# Well-supported PCI Express Wifi card?



## ecd (Jul 3, 2017)

I'm in the situation where my desktop needs to have wifi. It runs the latest RELEASE amd64 version of FreeBSD. I would much rather have wired ethernet, but it's rather difficult to run wires in my current setup.

Are there any well-supported, high quality desktop WiFi cards? I've been trying to cross-reference the Supported Devices list with online reviews, but it's a tedious process and I don't know if each "supported device" is supported to the same levels of performance/reliability. That is, are some barely functional while others are high-performance and reliable? The Supported Devices list also doesn't indicate which form-factor they are. I'm specifically looking for an PCIe card while many of the devices appear to be USB dongles.

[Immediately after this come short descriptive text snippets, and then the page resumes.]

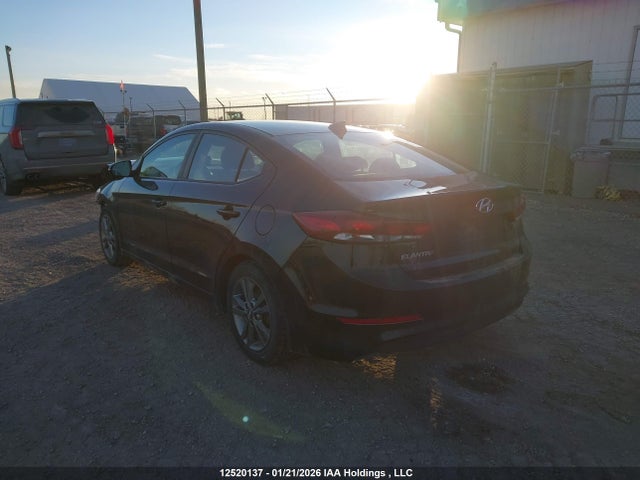 KMHD84LF1HU275409 Hyundai Elantra Se/value/limited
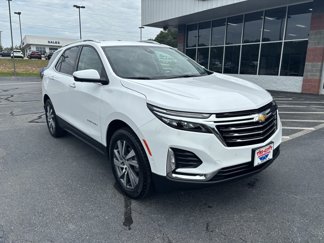 Used 2024 Chevrolet Equinox Premier image 1
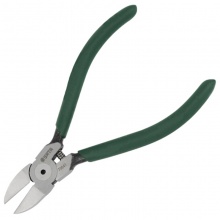 Sata/世达水口钳70641 迷你电子钳工具钳 5寸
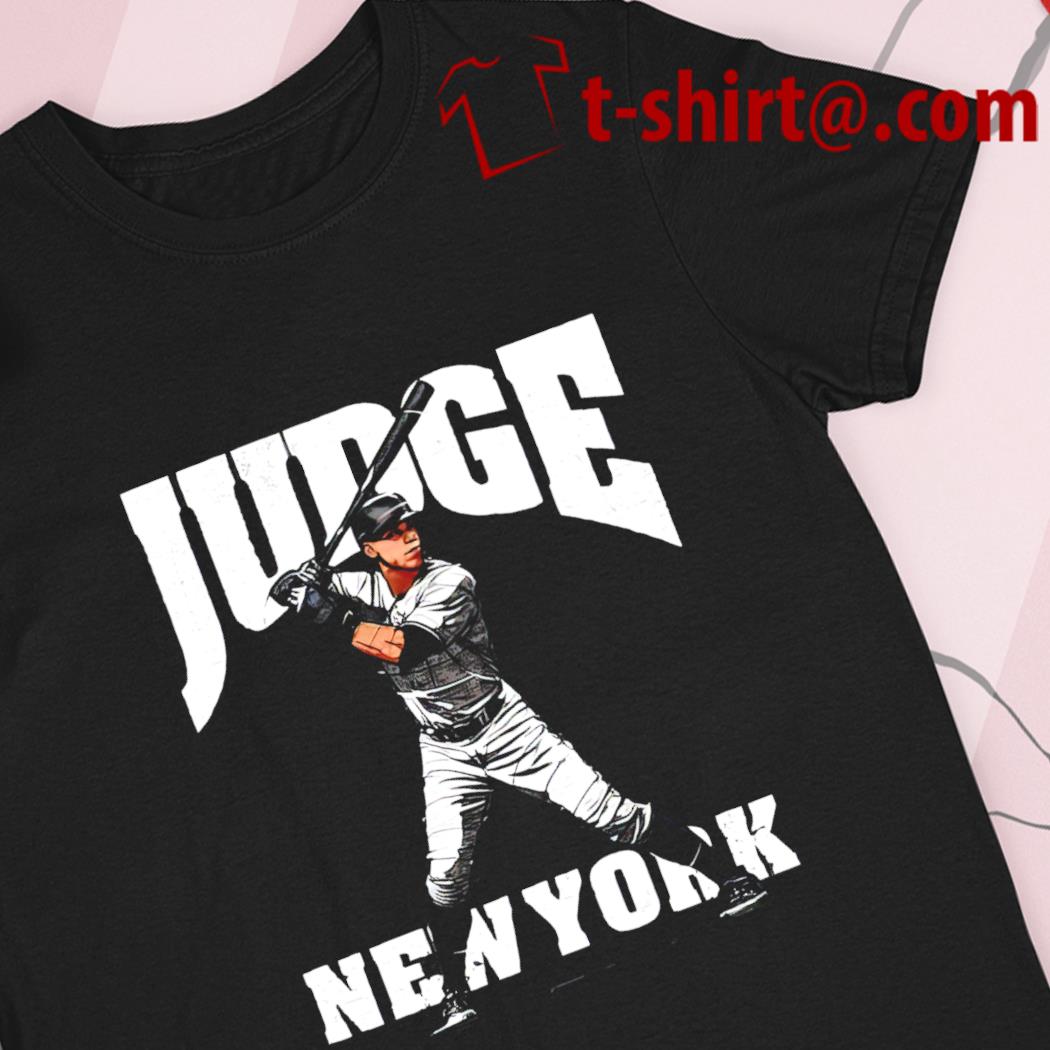 Aaron Judge Baseball Player Shirt, hoodie, sweater, long sleeve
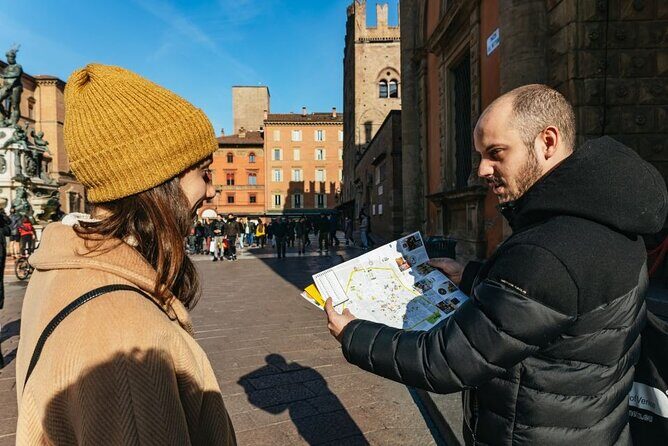 Bologna Food Tasting box- Audio Guided Tour with Food Tasting - A Closer Look at What to Expect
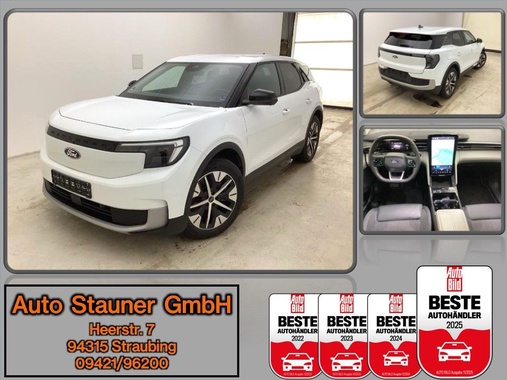 Ford Explorer 2024
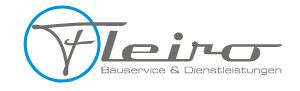 Logo von Fleiro Bauservice & Dienstleistungen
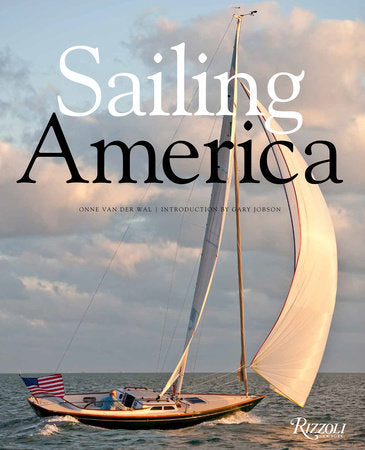 SAILING AMERICA BOOK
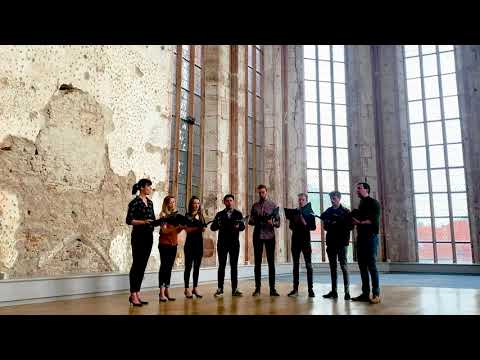 VOCES8: Nunc Dimittis - Paul Smith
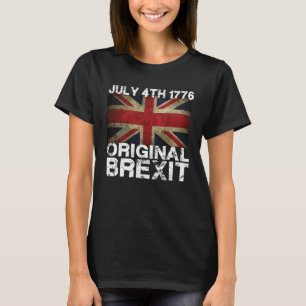 Happy Treason Day apparel for July 4th 1776 Origin T-Shirt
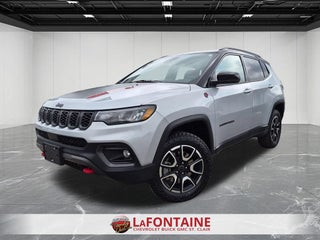 2025 Jeep Compass Trailhawk 4x4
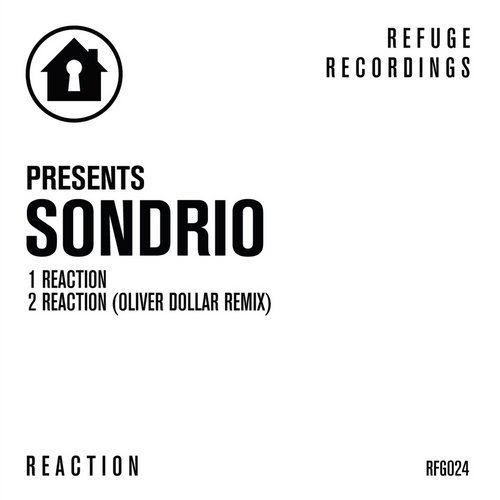 image cover: Sondrio - Reaction (+Oliver Dollar Remix) / RFG024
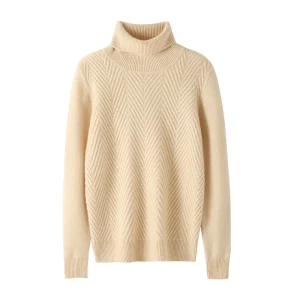 Turtleneck Sweaters Cashmere Sweater Women 100% Cashmere Ladies Tops 2025 Long Sleeve Knitwears Wool Knit Pullover Women Clothes - AliExpress Sweaters&Jumpers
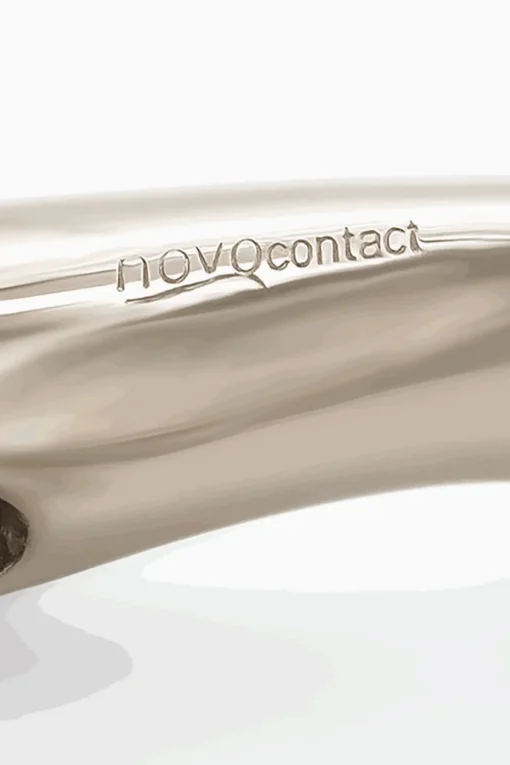 Best Novocontact Olivehead Bit, Double Jointed D-ringsbitt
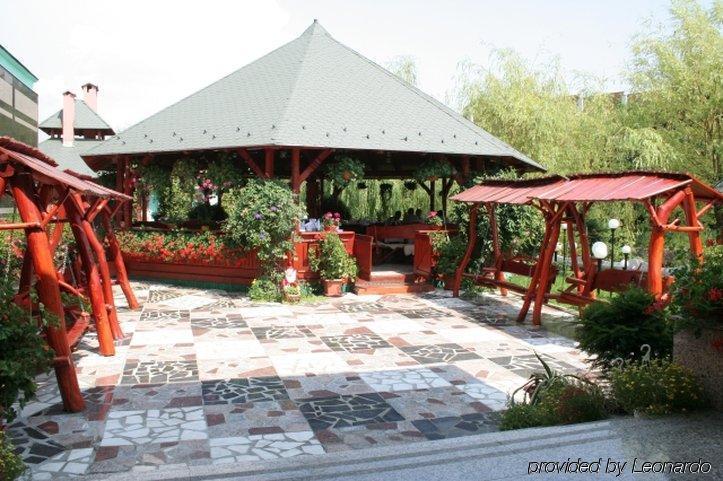 Hotel Carpati Baia Mare Facilités photo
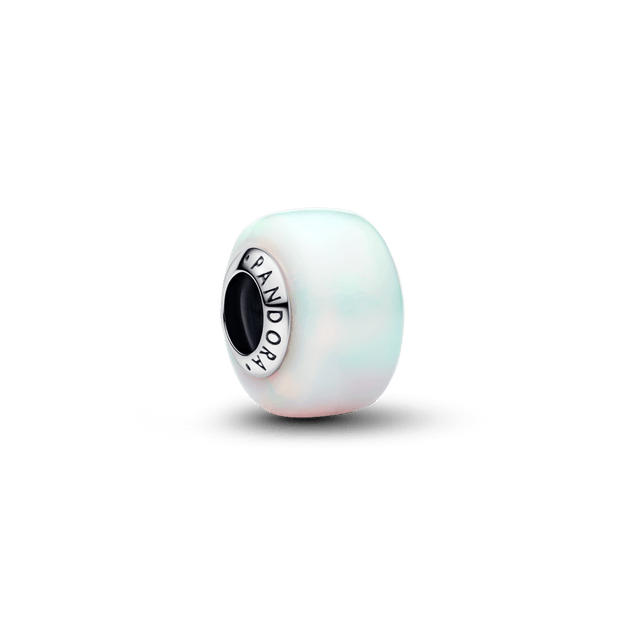 Opalinis karoliukas - Pandora Lietuva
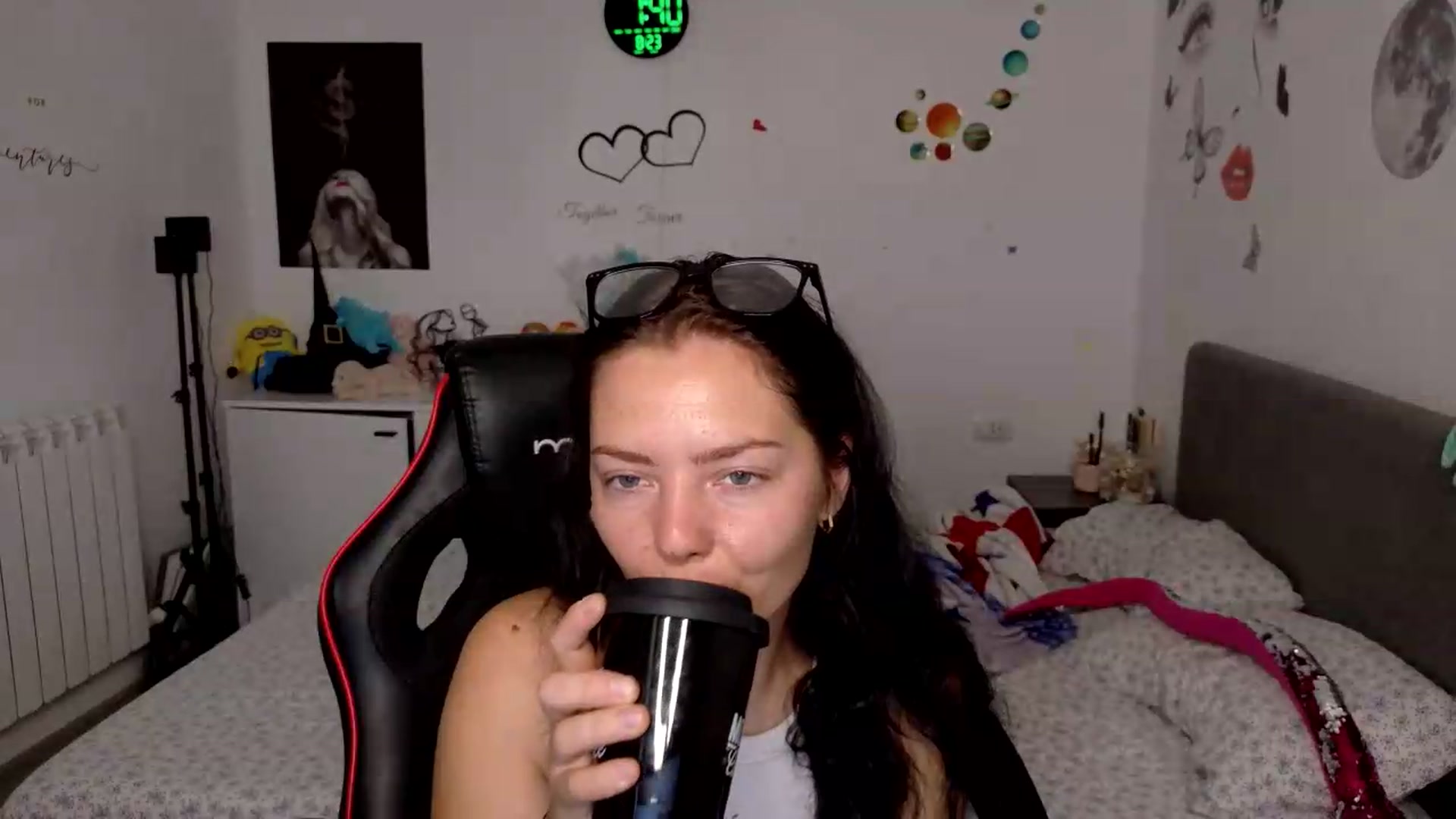 Gallery image thumbnail from YreneA's myfreecams stream on, 08/23/2026, 06:02 image 6 of 20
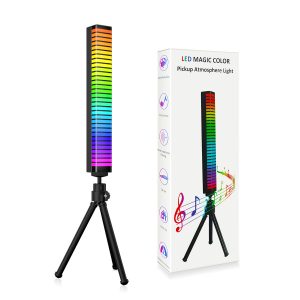 3D magic color pickup atmosphere light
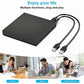 📢📢60%  OFF !! ⏰ No Disc Drive on Your Laptop? Now You Do! External CD/DVD Burner 50% OFF📀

If there's not a specific card recommendation, are there brands/drivers I should avoid or favor? Broadcom? Atheros? Buffalo?


----------



## Phishfry (Jul 3, 2017)

Atheros is the best supported.
I have 2 preferred routes. One is a PCIe Card that takes MiniPCIe modules or an OEM card from HP like this:
http://www.ebay.com/itm/331649961742

Or build your own:
http://www.ebay.com/itm/182452589094
And then add anything you want. Ubiquity SR71E is a really nice card. Budget card is AR9380.


----------